### Problem statement
An exact transcription of all the records is required, minus the images.
•••••
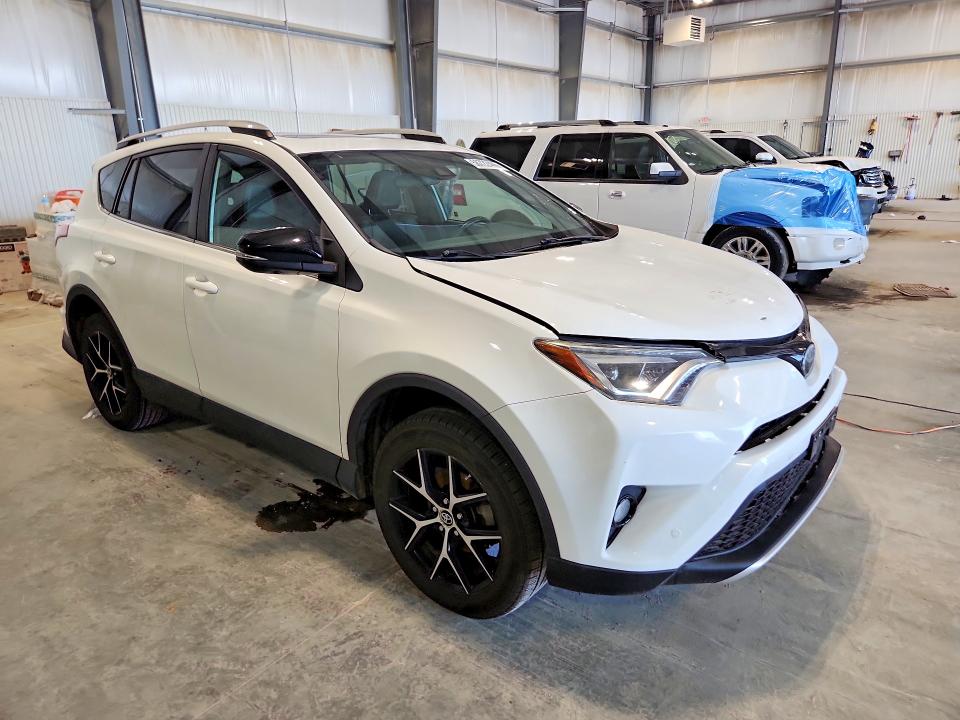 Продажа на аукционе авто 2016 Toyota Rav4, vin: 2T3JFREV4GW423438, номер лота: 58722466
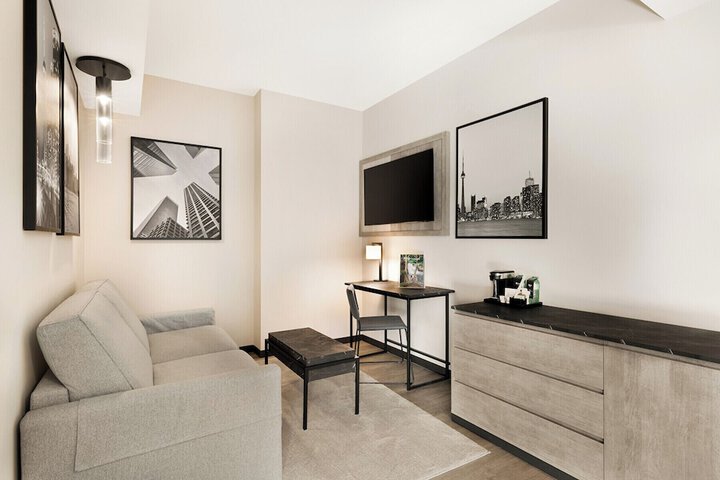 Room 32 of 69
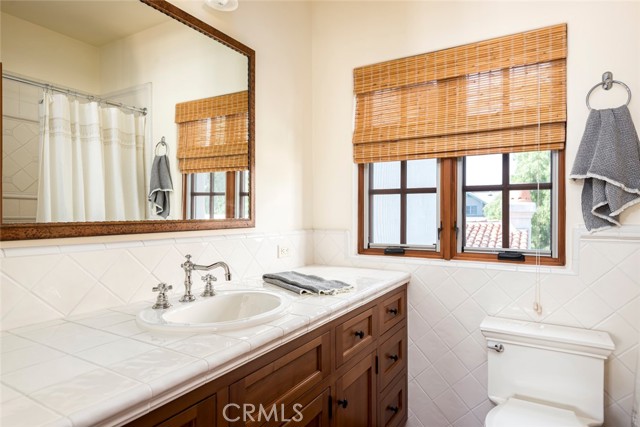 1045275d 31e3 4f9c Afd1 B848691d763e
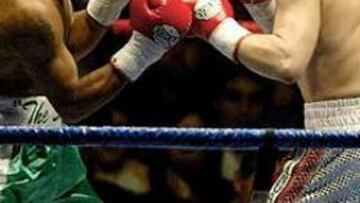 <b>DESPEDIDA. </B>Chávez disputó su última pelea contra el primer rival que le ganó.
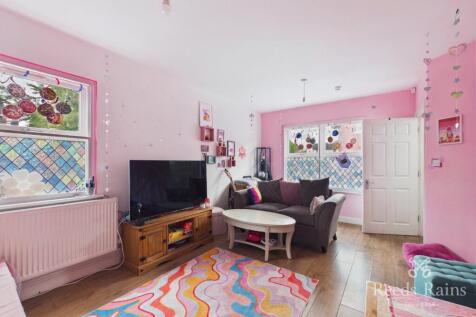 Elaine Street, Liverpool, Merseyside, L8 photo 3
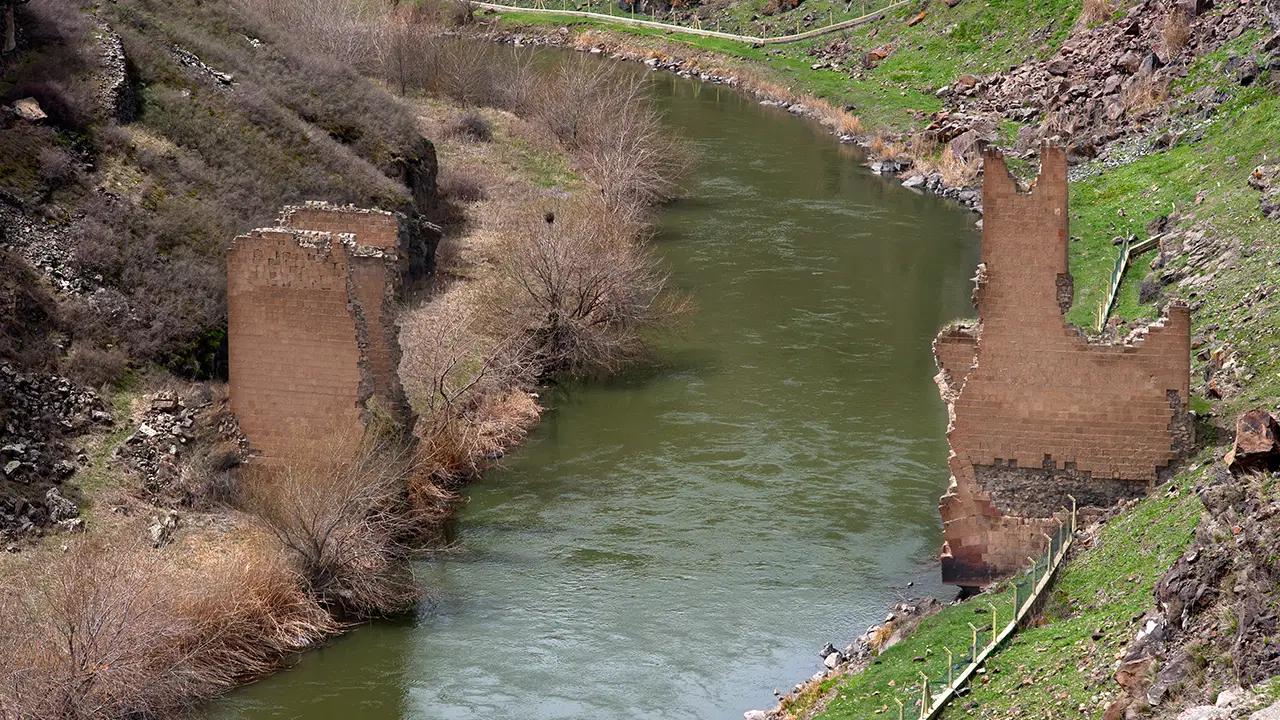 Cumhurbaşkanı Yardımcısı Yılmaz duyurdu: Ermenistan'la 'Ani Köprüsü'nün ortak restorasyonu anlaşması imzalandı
•••••
### Reply
 Продажа на аукционе авто 2016 Toyota Rav4, vin: 2T3JFREV4GW423438, номер лота: 58722466
 Room 32 of 69
 1045275d 31e3 4f9c Afd1 B848691d763e
 <b>DESPEDIDA. </B>Chávez disputó su última pelea contra el primer rival que le ganó.
 Elaine Street, Liverpool, Merseyside, L8 photo 3
 Cumhurbaşkanı Yardımcısı Yılmaz duyurdu: Ermenistan'la 'Ani Köprüsü'nün ortak restorasyonu anlaşması imzalandı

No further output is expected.